Extracted information:
____________
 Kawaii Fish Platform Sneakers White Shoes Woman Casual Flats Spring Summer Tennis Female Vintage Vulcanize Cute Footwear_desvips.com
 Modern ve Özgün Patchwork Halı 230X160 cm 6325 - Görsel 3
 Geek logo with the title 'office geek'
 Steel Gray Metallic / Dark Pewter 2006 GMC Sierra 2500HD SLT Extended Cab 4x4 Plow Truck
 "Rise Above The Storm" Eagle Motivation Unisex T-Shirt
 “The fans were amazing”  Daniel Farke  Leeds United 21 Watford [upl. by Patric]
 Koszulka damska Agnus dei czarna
____________
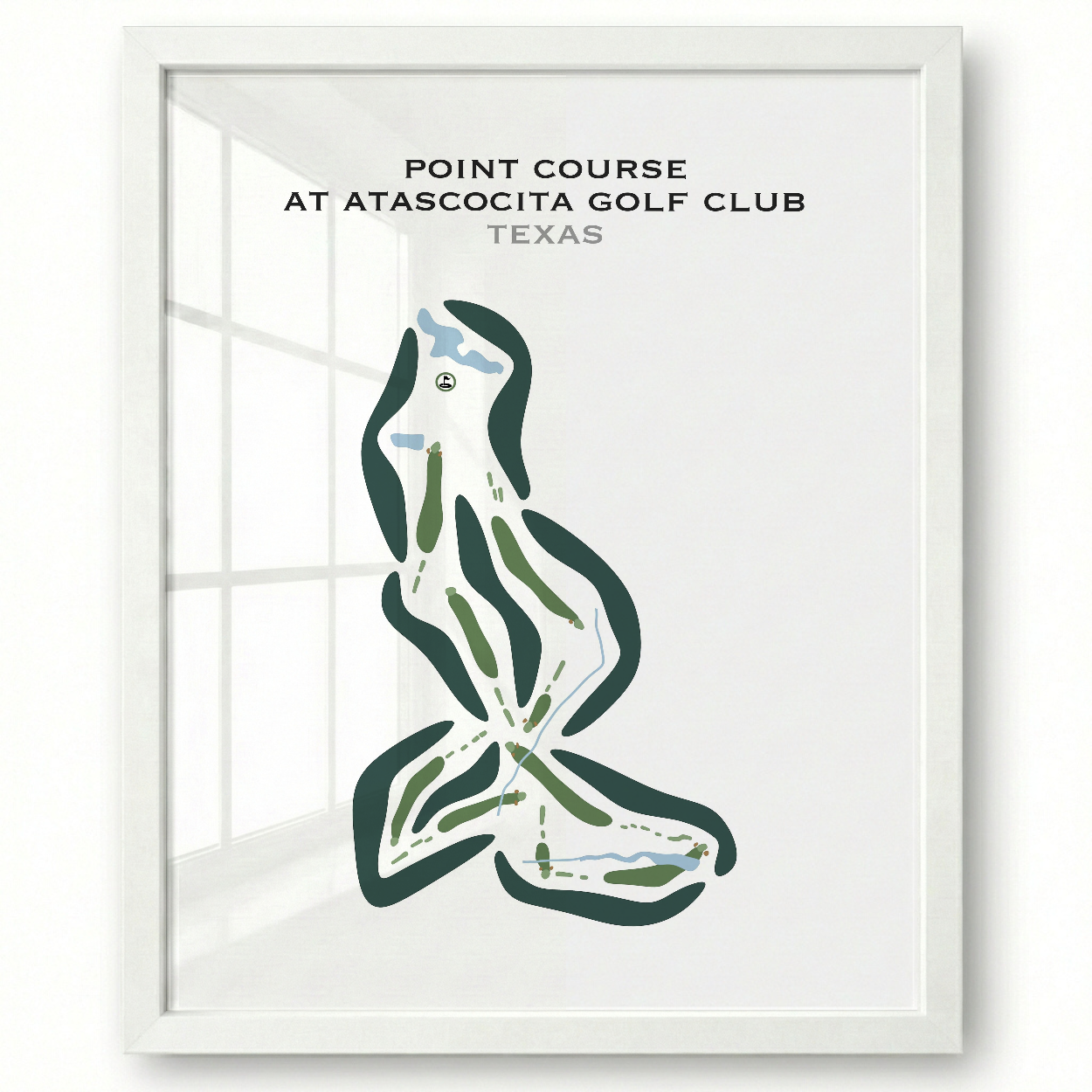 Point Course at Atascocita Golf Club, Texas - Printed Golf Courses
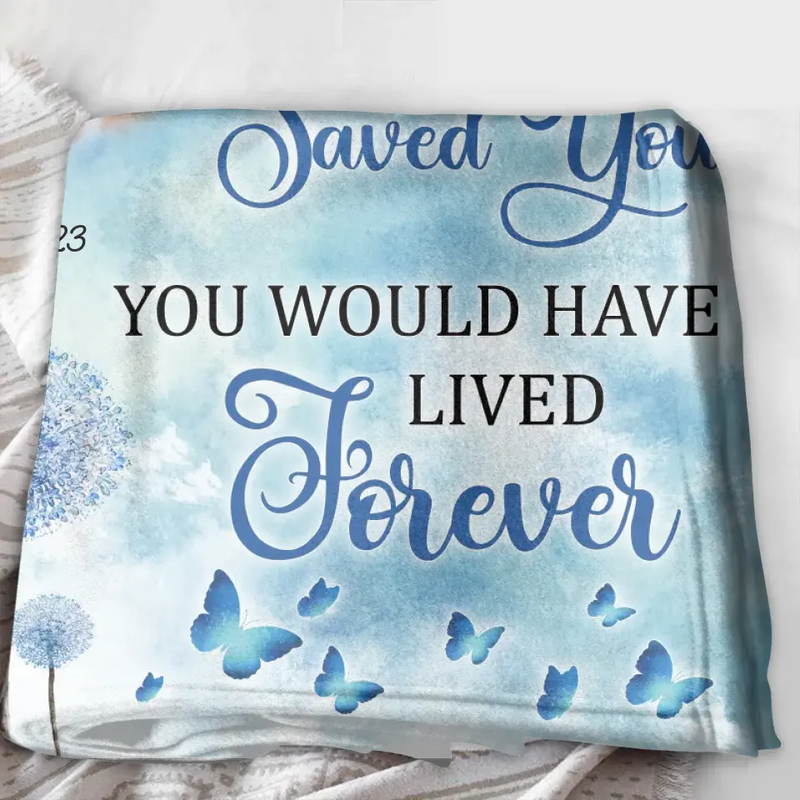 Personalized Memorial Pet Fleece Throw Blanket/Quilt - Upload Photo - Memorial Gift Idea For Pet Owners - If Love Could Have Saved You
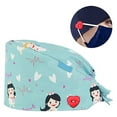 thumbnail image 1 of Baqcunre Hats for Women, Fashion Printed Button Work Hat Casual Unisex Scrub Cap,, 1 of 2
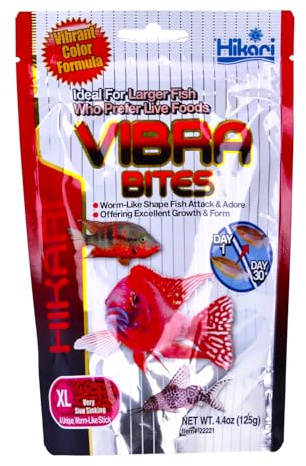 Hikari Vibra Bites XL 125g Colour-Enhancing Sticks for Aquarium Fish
____________
Task to carry out: From the line holding "Point Course at" to the line holding "Hikari Vibra Bites", both included, retype the entries above exactly and drop the pictures.

Response to the exercise:
 Point Course at Atascocita Golf Club, Texas - Printed Golf Courses
 Personalized Memorial Pet Fleece Throw Blanket/Quilt - Upload Photo - Memorial Gift Idea For Pet Owners - If Love Could Have Saved You
 thumbnail image 1 of Baqcunre Hats for Women, Fashion Printed Button Work Hat Casual Unisex Scrub Cap,, 1 of 2
 Hikari Vibra Bites XL 125g Colour-Enhancing Sticks for Aquarium Fish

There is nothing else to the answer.